I have decided to do a bit of reading at the origins of science fiction. It is a genre that I have mostly avoided in the past. The reasons for this neglect are as follows: I have been under the impression that most of it is poorly written; I have imagined that the genre is prone to pedantry and abstraction, the “stories” thinly disguising a conceptual skeleton better set forth in non-fiction; and I have an aversion to the placing of too great an emphasis on the value of technology and scientific knowledge, which defect I have taken to be common among the practitioners of the art. As such, and remembering C.S. Lewis’ dictum that one ought not to pass judgment on books in a genre one dislikes, it might be best for me to leave well enough alone. But recently I have begun to wonder whether I might be wrong on one or more counts, and bethought me to give the genre another chance.
My initial explorations have been haphazard, limited by what I happen to have sitting on my shelves. I began with Jules Verne’s From the Earth to the Moon, and now I turn to one of the early stories of H.G. Wells. They could hardly be more different. Verne, for all his affability, is didactic in the extreme. His book really is a series of technical lectures thinly clothed in plot and character and tied up with a bow of scientific cheerleading: Hooray for rocket-ships and kinematics! Wells is a far superior novelist: this is a real story with atmosphere, intelligent plotting and dialogue, and imagination. He paints a dark picture. Contrary to my expectations, already here in the early sources of science fiction we find a dystopian vision and a warning against scientific hubris. I stand corrected.
The novel can be read as a study of a particular perversion of the scientific mentality. On his remote island, Dr. Moreau indulges in a series of grotesque experiments to create human-animal hybrids, which he then, as much for his own safety as anything else, attempts to educate and civilize. His technical means are skin, bone, and organ grafting combined with blood transfusion (I note that an instructive benefit of reading older science fiction is to realize how poorly scientific speculation often turns out), but the more interesting point is how he thinks about what he is doing. It is “Nothing very dreadful really — to a sane man” — a revealing qualification. For Moreau, his activities have lost their moral aspect, for he sees only the technical challenge: “You cannot imagine the strange colourless delight of these intellectual desires. The thing before you is no longer an animal, a fellow-creature, but a problem.” I am reminded of Oppenheimer describing the Manhattan Project as “technically sweet”. This way of thinking is an enduring temptation for certain scientific minds, for science itself cannot provide moral guidance, and, as with any field of study, absorption in the subject matter can dispose one to forget about what lies outside it. The consequences of Moreau’s forgetfulness are horrifying.
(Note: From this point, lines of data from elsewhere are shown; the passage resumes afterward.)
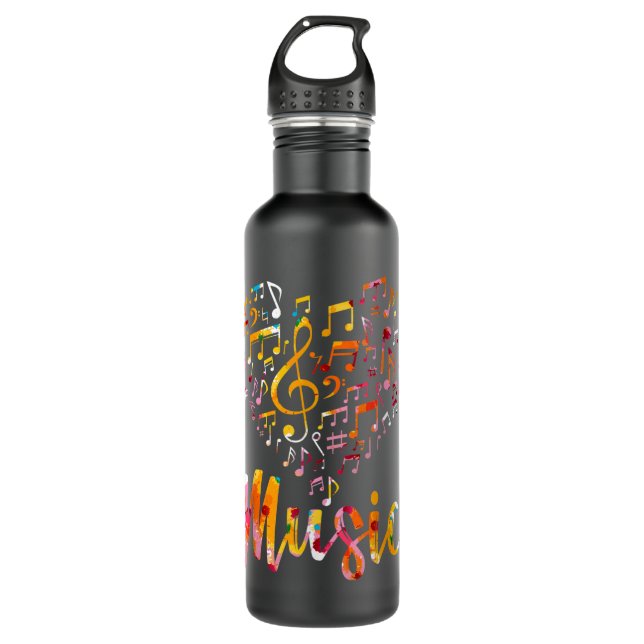 Musician Gift Musical Instrument Music Notes Trebl Stainless Steel Water Bottle (Front)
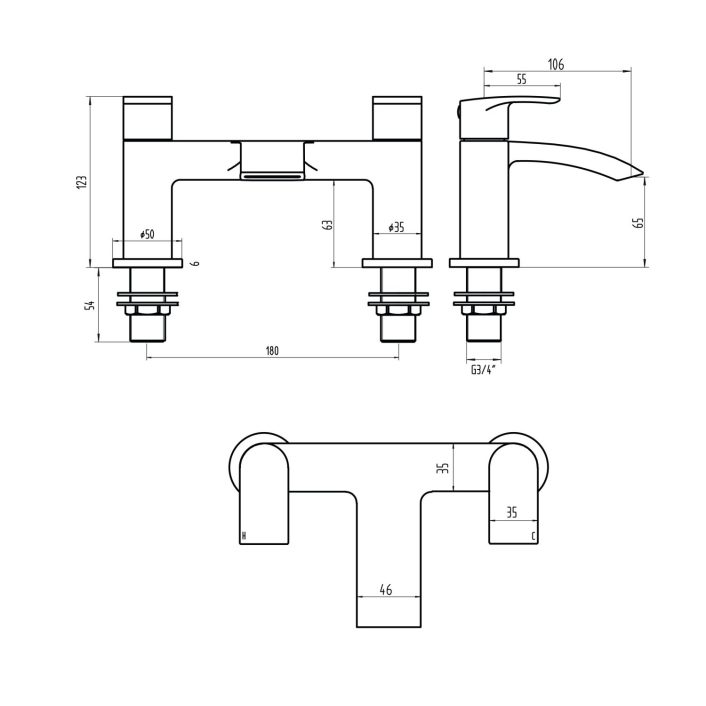 Scudo Belini Deck Mounted Bath Filler, Matt Black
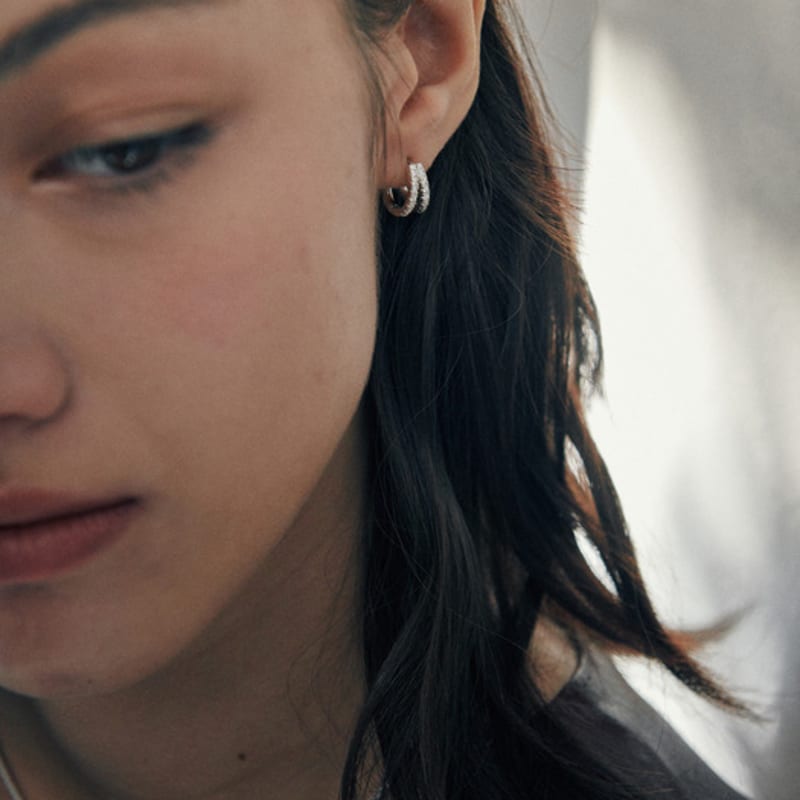 

green [925 silver] Two.silver.205 / thick link dew earring silver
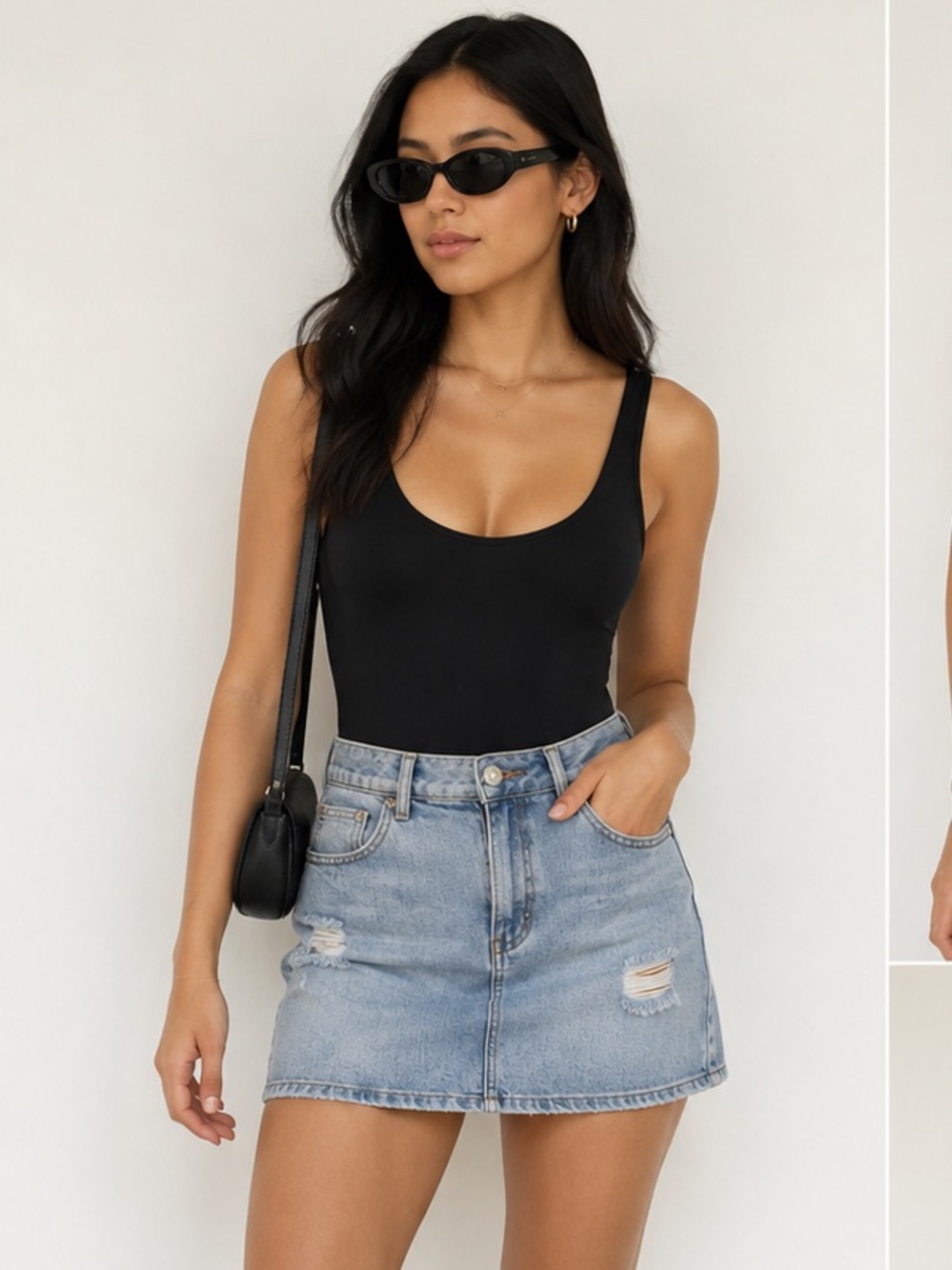 Garage Light Blue Distressed Denim Mini Skirt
If Wells seems antipathetic to a certain kind of science, the book also conveys a robust antipathy for a certain kind of religion. Moreau’s Beast People form a rough society on the island, and recite in unison a self-serving “Law” drawn up for them by Moreau, whom they fear and revere as a kind of god. In Wells’ telling, these recitations come across as grotesque parodies of religious rites, and I suspect that he intends the insult. One might go even further and say that his portrayal of the Beast People, so like us and yet so vulgar and stupid, their savagery held at bay by a fragile civility, conveys an antipathy for mankind in general. Our narrator, Edward Prendicks, seems to see things this way. Confronted with the horror of the island, he overlooks the particular and peculiar actions that have brought it about to draw broad conclusions about all of our lives:
“I must confess I lost faith in the sanity of the world when I saw it suffering the painful disorder of this island. A blind fate, a vast pitiless mechanism, seemed to cut and shape the fabric of existence, and I, Moreau, by his passion for research, Montgomery by his passion for drink, the Beast People, with their instincts and mental restrictions, were torn and crushed, ruthlessly, inevitably, amid the infinite complexity of its incessant wheels.”
That is, in the eyes of some, the world according to science, and it is certainly bleak. We have heard it before, of course, but Wells succeeds in giving it literary life. Yet there seems to be a moral incoherence in Prendicks’ both objecting to Moreau’s experiments and assenting to this grim worldview, for if the latter be true, it is hard to understand why Moreau deserves censure.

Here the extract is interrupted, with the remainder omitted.